Preparation of mesoscopic atomic ensembles with single-particle resolution

TL;DR

This paper introduces a fluorescence detection method capable of resolving individual atoms in ensembles of up to approximately 390 atoms, enabling precise atom number control for quantum state applications.

Contribution

The authors developed an integrated fluorescence detection technique with single-atom resolution applicable to ensembles of up to 390 atoms, improving atom number measurement accuracy for quantum experiments.

Findings

Achieved single-atom resolution for 1 to 30 atoms.

Extrapolated resolution limit to about 390 atoms.

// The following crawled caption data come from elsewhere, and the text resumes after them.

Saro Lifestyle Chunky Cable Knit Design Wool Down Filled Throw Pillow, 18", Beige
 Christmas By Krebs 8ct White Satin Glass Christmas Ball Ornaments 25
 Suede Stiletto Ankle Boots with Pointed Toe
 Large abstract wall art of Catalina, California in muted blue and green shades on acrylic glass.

Demonstrated 92% fidelity in preparing 7-atom ensembles with reduced number fluctuations.

Abstract

The analysis of entangled atomic ensembles and their application for interferometry beyond the standard quantum limit requires an accurate determination of the number of atoms. We present an accurate fluorescence detection technique for atoms that is fully integrated into an experimental apparatus for the production of many-particle entangled quantum states. Single-particle resolving fluorescence measurements for $1$ up to $30$ atoms are presented. According to our noise analysis, we extrapolate that the single-atom resolution extends to a limiting atom number of $390(20)$ atoms. We utilize the accurate atom number detection for a number stabilization of the laser-cooled atomic ensemble. For a target ensemble size of $7$ atoms prepared on demand, we achieve a $92(2)\,\%$ preparation fidelity and reach number fluctuations $18(1)\,\mathrm{dB}$ below the shot noise level using real-time feedback on the magneto-optical trap.